As mentioned in Part I of this multipart post, Luca Pappalardo prepared a video, for the Friends of Tracking channel in 2020, to talk about some elements of a paper related to an open Wyscout data set, and advanced statistics related to passing networks, flow centrality and player ranking.
For this post (Part III) I’m going to cover my take on Passing networks and Flow centrality.
I’ve forked the “mapping-match-events-in-Python” repo into my mmoffoot area and created a new branch called ‘englanddata’ to cover the data set of English Premier League information for the 2017-18 season.
Passing networks
This Notebook creates a player passing network for any of the matches covered in the data set. The passing network is a weighted network where nodes are players and weighted edges represent movements of the ball between players. The size of an edge is proportional to the number of passes between the players.
Some finer details on are covered in a research paper Cintia et al., The harsh rule of the goals: data-driven performance indicators for football teams, In Proceedings of the 2015 IEEE International Conference on Data Science and Advanced Analytics (DSAA’2015), 2015.

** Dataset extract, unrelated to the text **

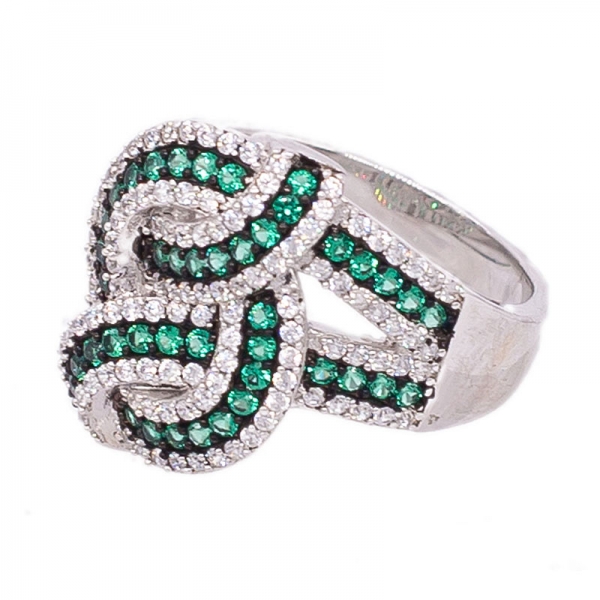 dois tons banhados anel de prata gravada com nano verde e branco cz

Now I wanted to continue with a passing network from the Tottenham Hotspur – Leicester City match (2018), given this was the match showing the events to this point, however it just turned out as a blank image for both teams via the Notebook, I tried another match and only got one team and finally the Arsenal – Burnley match turned out what was being looked for, so I moved over to this match.
The produced images need some time for study, even a quick look leaves me wondering what I can take from them. I also tried to gain some insight from a related paper from the authors P. Cintia, S. Rinzivillo, and L. Pappalardo, “A network-based approach to evaluate the performance of football teams,” in Proceedings of the Machine Learning and Data Mining for Sports Analytics workshop, ECML/PKDD 2015, were it mentions again that nodes are players, directed edges represent passes between players and the size of an edge is proportional to the number of passes between the players. Node 0 indicates the opponent’s goal, and edges ending in 0 node represent goal attempts. However there are no Node 0 in these passing networks.
The related video at minute 15:00 has a section that describes the passing networks too, but unfortunately there’s still not enough in there to give a hint as to what the take away is.
Flow centrality
Next up is flow centrality, which is a feature that can be computed on the passing network and in this Notebook is described as a way to capture the fraction of times that a player intervenes in those paths that result in a shot. They take into account defensive efficiency by letting each player start a number of paths proportional to the number of balls that he recovers during the match.
This concept is only lightly explained in the paper Duch et al., Quantifying the Performance of Individual Players in a Team Activity, PLoS ONE 5(6): e10937 as referenced in the Notebook and I must admit I still didn’t get it, but then a read of a source paper by Freeman LC, A set of measures of centrality based upon betweenness, Sociometry 40: 35–41, 1977 clears it all up “when a particular person in a group is strategically located on the shortest communication path connecting pairs of others, that person is in a central position”, and that same paper goes on to show measures that define centrality in terms of the degree to which a point falls on the shortest path between others and therefore has a potential for control of communication.
Dare I say Westwood (Burnley) is the betweenness man in control for Burnley.
Might be a follow up idea to classify based on how they measure cohesiveness within the team.